D-FaST: Cognitive Signal Decoding With Disentangled Frequency–Spatial–Temporal Attention D-FaST：频率-空间-时间注意力分离的认知信号解码

IF 5 3区计算机科学 Q1 COMPUTER SCIENCE, ARTIFICIAL INTELLIGENCE

IEEE Transactions on Cognitive and Developmental Systems

Pub Date : 2024-02-26 DOI: 10.1109/TCDS.2024.3370261

WeiGuo Chen;Changjian Wang;Kele Xu;Yuan Yuan;Yanru Bai;Dongsong Zhang

Cognitive language processing (CLP), situated at the intersection of natural language processing (NLP) and cognitive science, plays a progressively pivotal role in the domains of artificial intelligence, cognitive intelligence, and brain science.
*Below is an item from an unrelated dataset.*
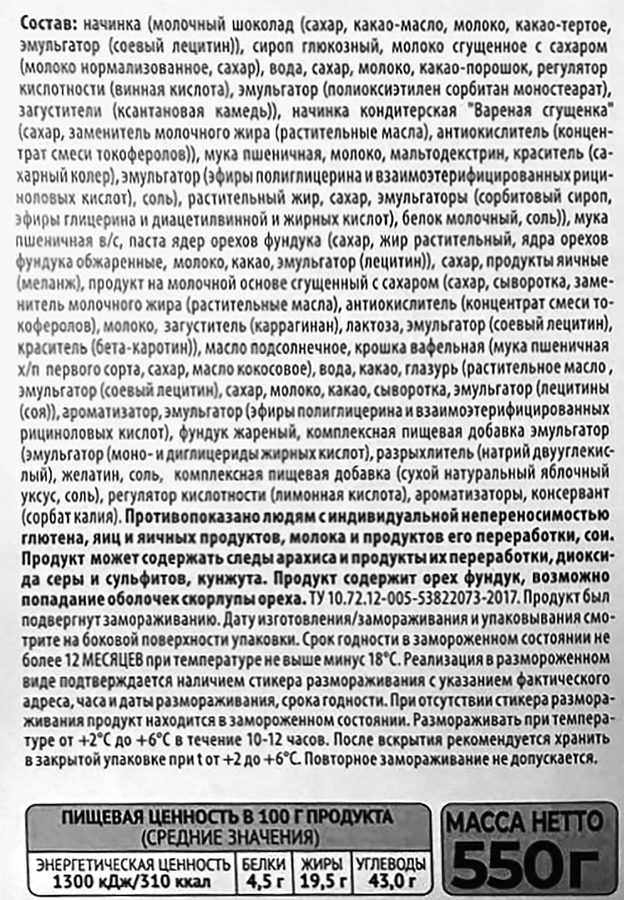 Торт MIREL Пралине, 550г, превью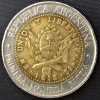 Moeda Argentina - Km112.1 - 1 Peso - 1994 - Bi Metálica - NI  - 23 mm - 6,35 Gr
Among the essential areas of investigation in CLP, cognitive signal decoding (CSD) has made remarkable achievements, yet there still exist challenges related to insufficient global dynamic representation capability and deficiencies in multidomain feature integration. In this article, we introduce a novel paradigm for CLP referred to as disentangled frequency–spatial–temporal attention (D-FaST). Specifically, we present a novel cognitive signal decoder that operates on disentangled frequency–space–time domain attention. This decoder encompasses three key components: frequency domain feature extraction employing multiview attention (MVA), spatial domain feature extraction utilizing dynamic brain connection graph attention, and temporal feature extraction relying on local time sliding window attention. These components are integrated within a novel disentangled framework. Additionally, to encourage advancements in this field, we have created a new CLP dataset, MNRED. Subsequently, we conducted an extensive series of experiments, evaluating D-FaST's performance on MNRED, as well as on publicly available datasets including ZuCo, BCIC IV-2A, and BCIC IV-2B. Our experimental results demonstrate that D-FaST outperforms existing methods significantly on both our datasets and traditional CSD datasets including establishing a state-of-the-art accuracy score 78.72% on MNRED, pushing the accuracy score on ZuCo to 78.35%, accuracy score on BCIC IV-2A to 74.85%, and accuracy score on BCIC IV-2B to 76.81%.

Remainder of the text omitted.